Dissolved Oxygen in Hydroponics
[quote]Dissolved Oxygen in Hydroponics is that missing link to faster growth rates, healthier plants and even bigger yields.[/quote]
Above: A Chiller increases Dissolved Oxygen in Hydroponics for faster growth and healthier crops.
There are always a lot of things to look after and consider in the garden; especially if you are a hydroponic grower or do your growing indoors under lights. Having the right feeding ratios of nutrients, the right temperature, the optimal light intensity for the growth phase…and the list goes on.
Sooner or later (hopefully sooner) most growers who are going to go the distance with their growing endeavour get all of these aspects in order, and over time they begin to “dial them in” to perfection; perhaps customizing the growing environment or nutrient regimen for the strain they choose to grow.
When that happens you start to see improvements in crop qualities and growth rates in your yields if you really played your cards right.
Building up your indoor garden is just like building up a car-more displacement, better exhaust, handling, traction etc. SO, where’s one of the easiest places to get more performance out of any combustion engine that also happens to be one of the most overlooked performance factors in most gardens?

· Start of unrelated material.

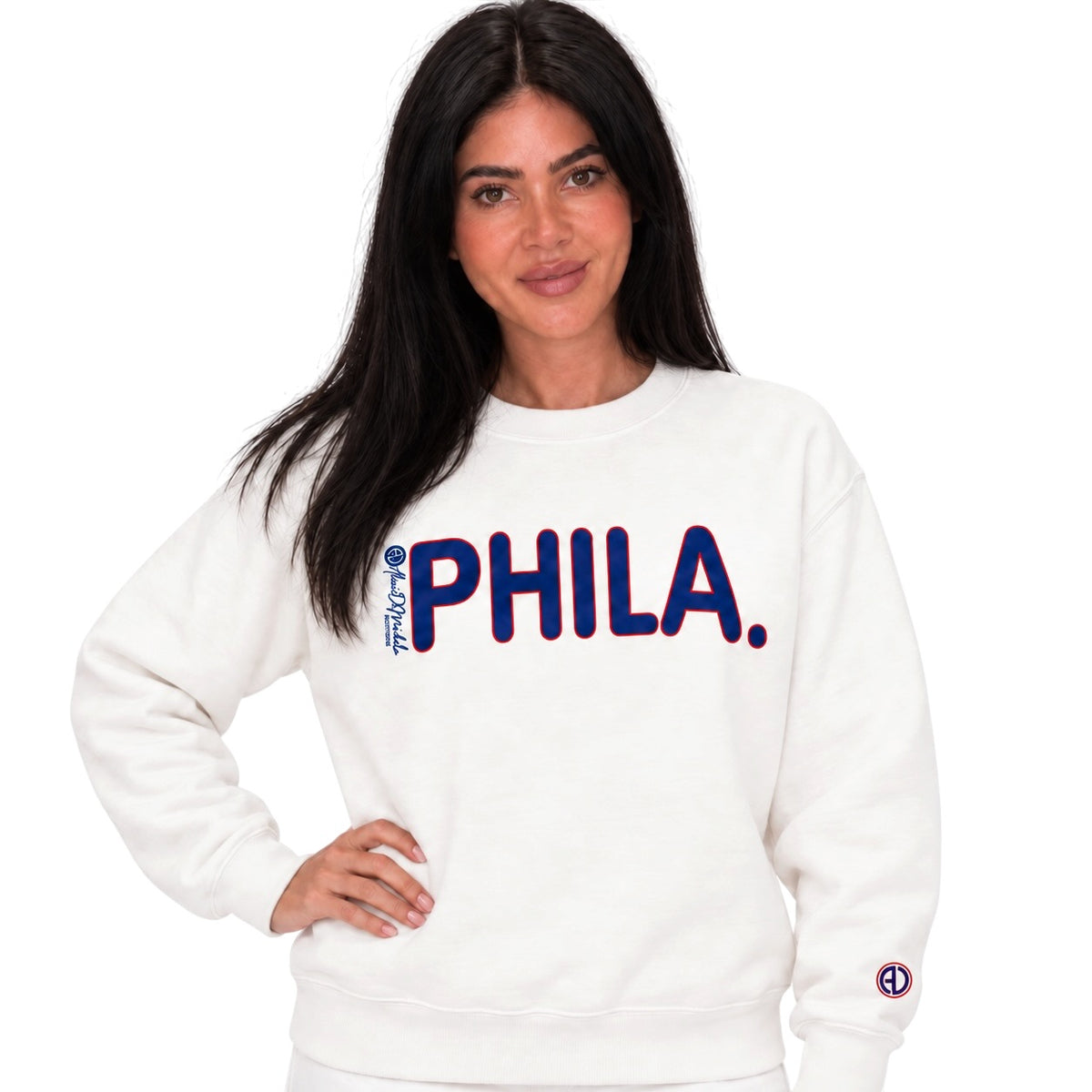 A woman modeling a white crewneck sweatshirt with 'PHILA.' printed across the chest in navy blue with a red outline, and a small circular logo on the left sleeve.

Dissolved Oxygen in Hydroponics is that missing link to faster growth rates, healthier plants and even bigger yields.
While most growers are aware that their plants use CO2 (carbon dioxide) through their leaves, and know they may increase growth rates by increasing these levels. However, few “think O2” when contemplating what is propelling their garden forward in the hopes of achieving health yields.
If you have spent some time and effort getting your garden dialled in but just aren’t where you want to be, consider giving this growing parameter further examination.
Just like in humans, O2 is critical for respiration-when plants actually use all the sugars they manufacture during light hours to grow, this mostly happens during the dark cycle. You can load your crops with carbs, but if they don’t have enough O2, that can become a limiting factor in how much of those carbs they can “burn” for growth. Oxygen availability in the root zone is highly critical for root health and nutrient uptake. In warm and wet conditions, oxygen levels are low because colder water holds much, much more water oxygen-as do the pore spaces around the roots when empty.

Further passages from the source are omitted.